Suppose $(X, \tau)$ is regular and finite. For $x \in X$ and $F = U_x^c$ we can get $U$ and $V$ open and disjoint such that $U \ni x$ and $V \supseteq F$ (by regularity). But then $U_x \subseteq U$ by minimality, and $U \cap V = \varnothing$ implies $V \subseteq U^c$, and thus $V \subseteq U_x^c = F$. So $V = F$; that is, $F$ is also open, hence $U_x$ is also closed. So we have shown that in a finite regular space, $\mathscr{U}$ consists of clopen sets.

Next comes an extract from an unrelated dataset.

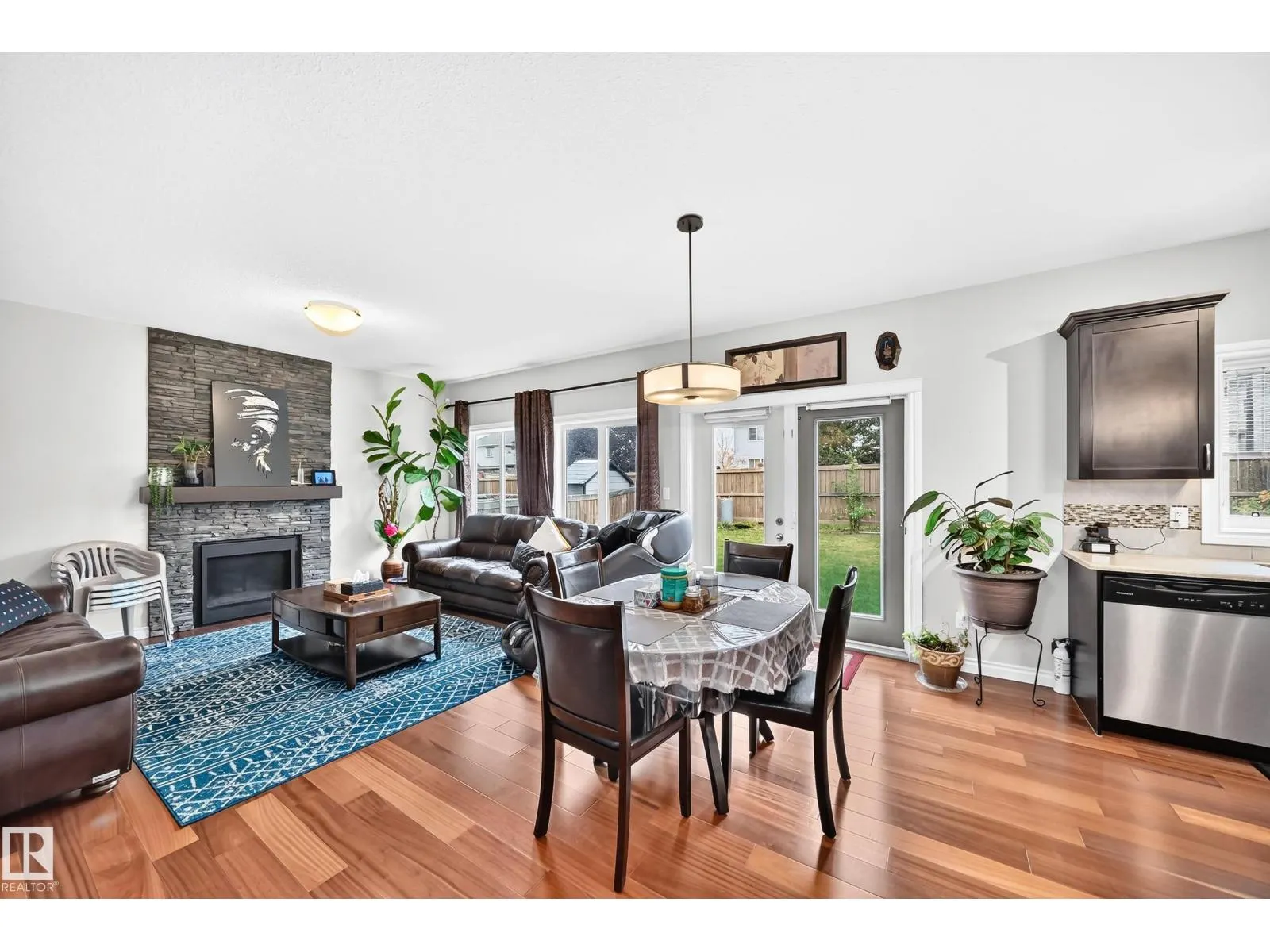 3179 WINSPEAR CR SW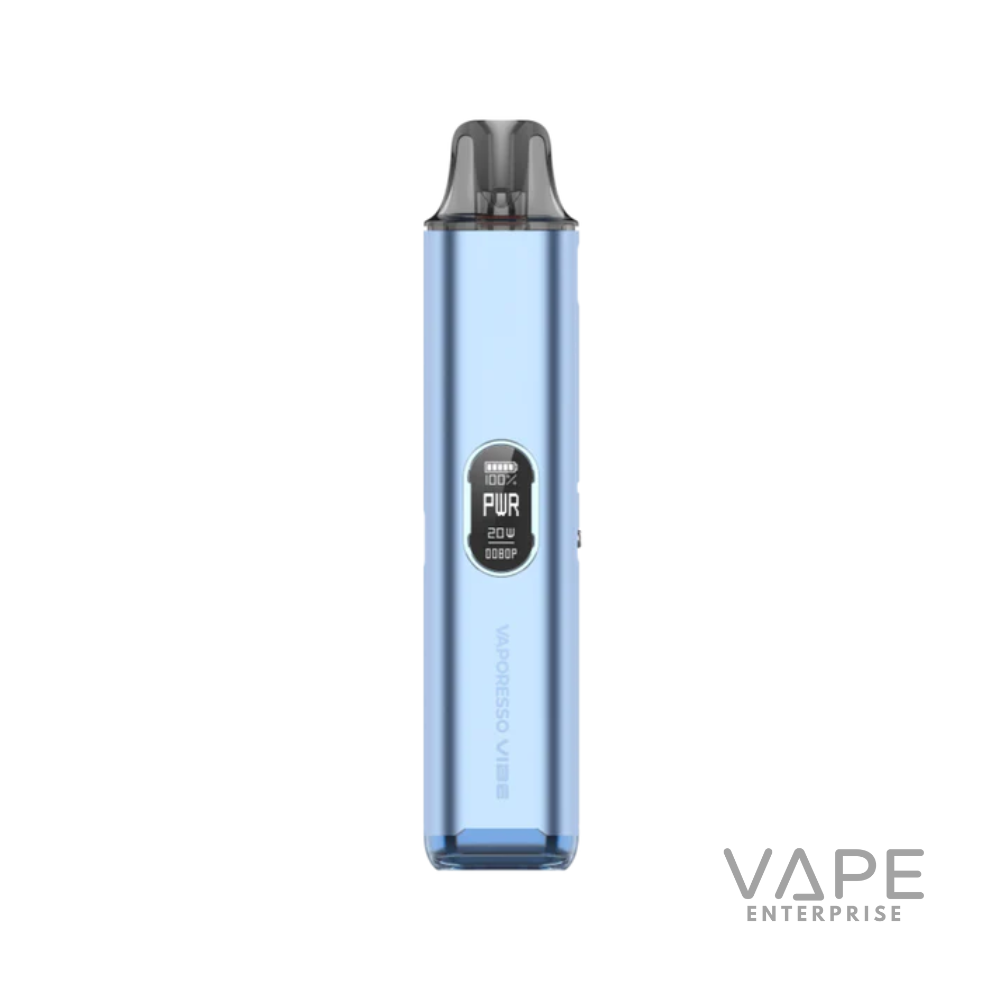 Vaporesso VIBE Pod Vape Kit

If $U_x$ and $U_y$ be two distinct base sets, then one of the following is true: $x \not\in U_y$ or $y \not\in U_x$. For if both were false, i.e. if $x \in U_y$ and $y \in U_x$, then we would have $U_x \subseteq U_y$ and $U_y \subseteq U_x$ and hence equality. So w.l.o.g. we assume $y \not\in U_x$. Then $y \in U_x^c$, which is open, so by minimality $U_y \subseteq U_x^c$, which is equivalent to $U_x \cap U_y = \varnothing$. Therefore, the sets in $\mathscr{U}$ are pairwise disjoint. It follows that $\mathscr{U}$ is a partition of $X$, since $\bigcup_{x\in X} U_x = X$.

Showing that a partition space is regular is much easier, and it is true for arbitrary spaces. For in a partition space, every open set is closed and every closed set is open. Therefore, if $F$ is closed and $x$ is a point not in $F$, then $F$ is also open, and $(F, F^c)$ is the pair we seek to establish regularity. $\blacksquare$

Note. Spaces $(X, \tau)$ admitting a base of clopen sets are sometimes called zero-dimensional.

Answer 2

The answer is "yes".

Let $\tau$ be a topology on a finite set $X$ and suppose that $(X, \tau)$ is a regular space. I claim that every closed subset $F$ of $X$ is also open. Indeed, for each $x \notin F$, there exists an open set $U_x$ such that $x \notin U_x$ and $F \subseteq U_x$ (as you can see, I just need a weaker property that regularity). Then the set $U = \bigcap_{x \notin F} U_x$ is open (as a finite intersection of open sets) and is equal to $F$ by construction. It follows that $\tau$ is a finite Boolean algebra and its atoms form a partition of $X$ and a basis for $\tau$.

Conversely, suppose that $\tau$ has a basis which forms a partition of $X$. Then the elements of this basis are clopen and it follows that every open set is clopen. Finally, if $F$ is closed and $x \notin F$, then $F$ is clopen and thus $X - F$ is also clopen. Therefore $x \in X-F$, and the disjoint open sets $X-F$ and $F$ separate $x$ from $F$.